Bunu ne hakla, hangi meşru hakkı, hangi temel hak ve özgürlük kavramına dahil hürriyeti ileri sürerek yapacak? Böyle bir şey mümkün olabilir mi? Örneği tersine çevirmişsiniz ama konuyla pek ilgisi olmamış.

Alıntı:
Av.S.Karaca
Sevgili Kilimanjaro, verdiğiniz örnek çok uç (veya ekstrem mi demeliydim?).

Ben bu örneği, "hukuk mevzuattan ibarettir" düşüncesini eleştirmek için verdim; misalin sizin tabirinizle "uç" olması, tartışma gerektirmeyecek kadar açık bir örnek vermek istememden kaynaklandı, yoksa bu konuda binlerce örnek verilebilir.

Alıntı:
TBB Meslek Kuralları:
20- Avukatlar ve Avukat Stajyerleri mesleğe yaraşır bir kılık ve kıyafetle başları açık olarak mahkemelerde görev yaparlar. Duruşmalara Türkiye Barolar Birliğince şekli saptanmış cübbe ile ve temiz bir kıyafetle çıkarlar. Erkek Avukatlar iklim ve mevsim koşullarının elverdiği ölçüde kravat takarlar.
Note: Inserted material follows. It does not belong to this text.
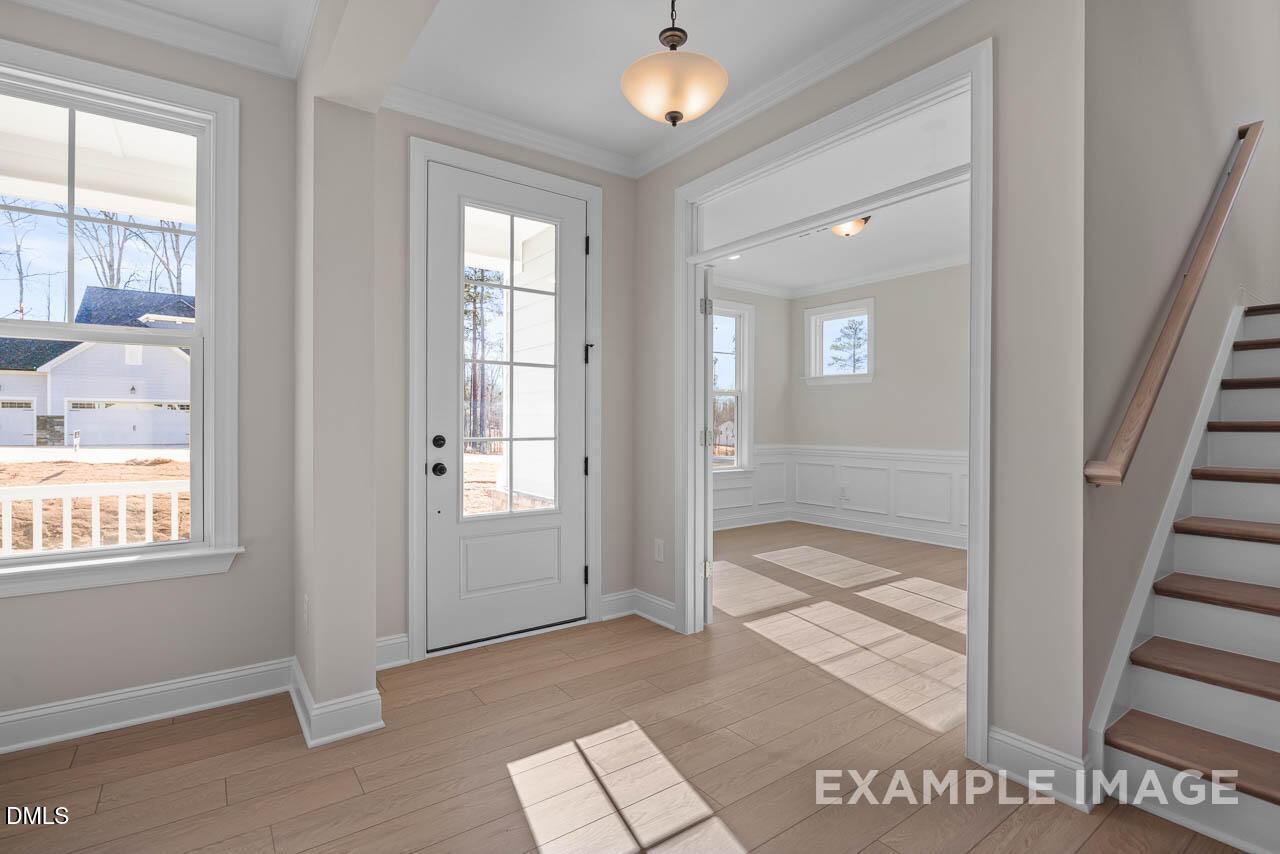 Bright entry foyer with hardwood floors, glass-front door, chandelier, and staircase in Davidson Homes The Crawford D, Angier, NC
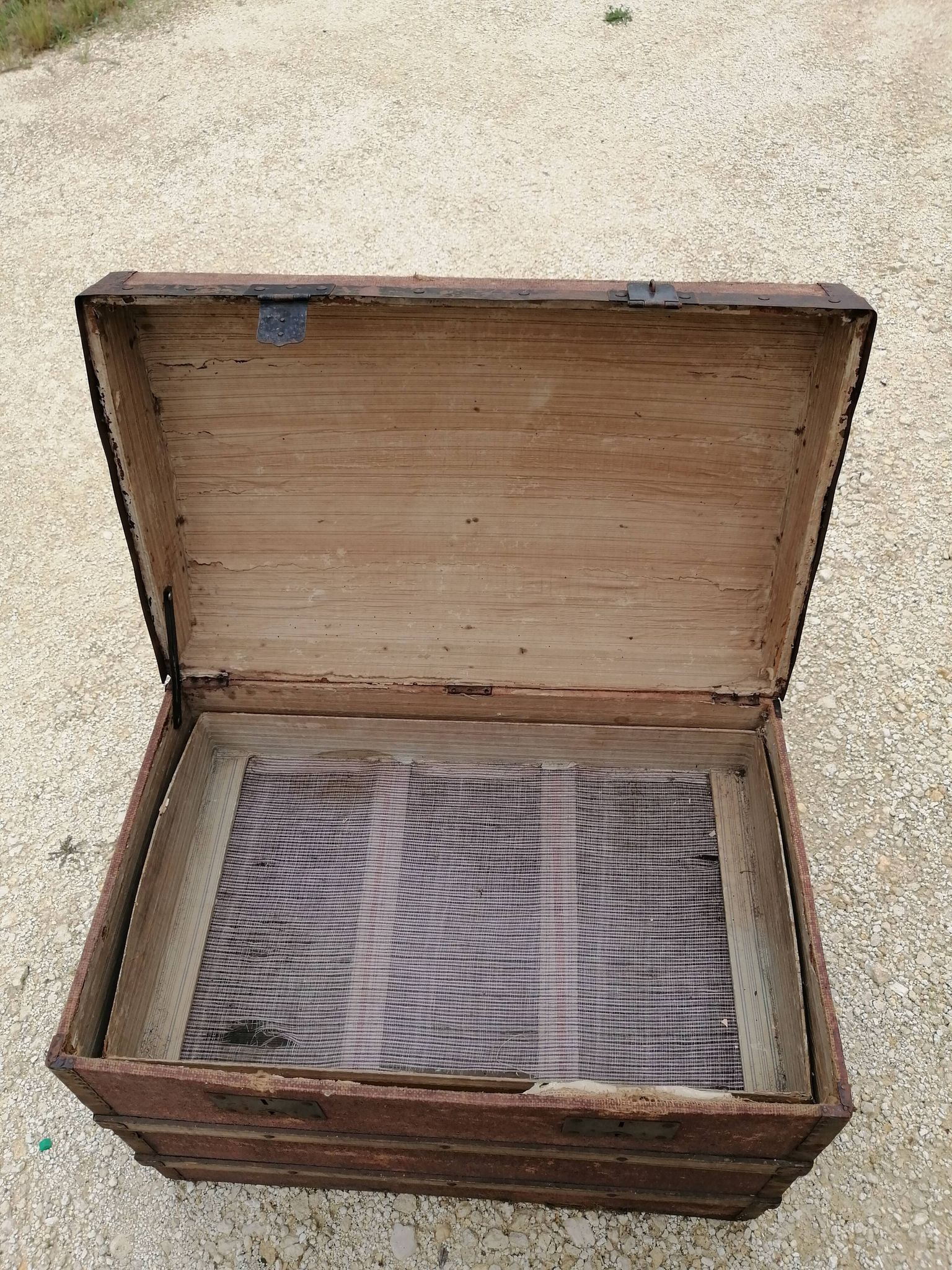 Old bombed travel trunk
Kravatla ilgili eleştirilerimi geçtim, söylermisiniz bana, Erzurum'daki bir avukatla Antalya'daki bir avukatı kravat hususunda farklı düzenlemelere tabi tutmakta ne tür bir hukuki yarar bulunmaktadır? Ve bu husus anayasada ifadesini bulan eşitlik ilkesiyle ne derece telif edilebilir? Haydi bunlara hukuki gerekçeler ürettik diyelim (mesela popüler tabiriyle, "anayasada geçen eşitlik kavramı mutlak eşitlik anlamında yorumlanmamalıdır" gibi) savcılar Barolar Birliğinin disiplin memurumudur ki meslektaşımızdan kravatsız olduğu için kimlik isteyebiliyor?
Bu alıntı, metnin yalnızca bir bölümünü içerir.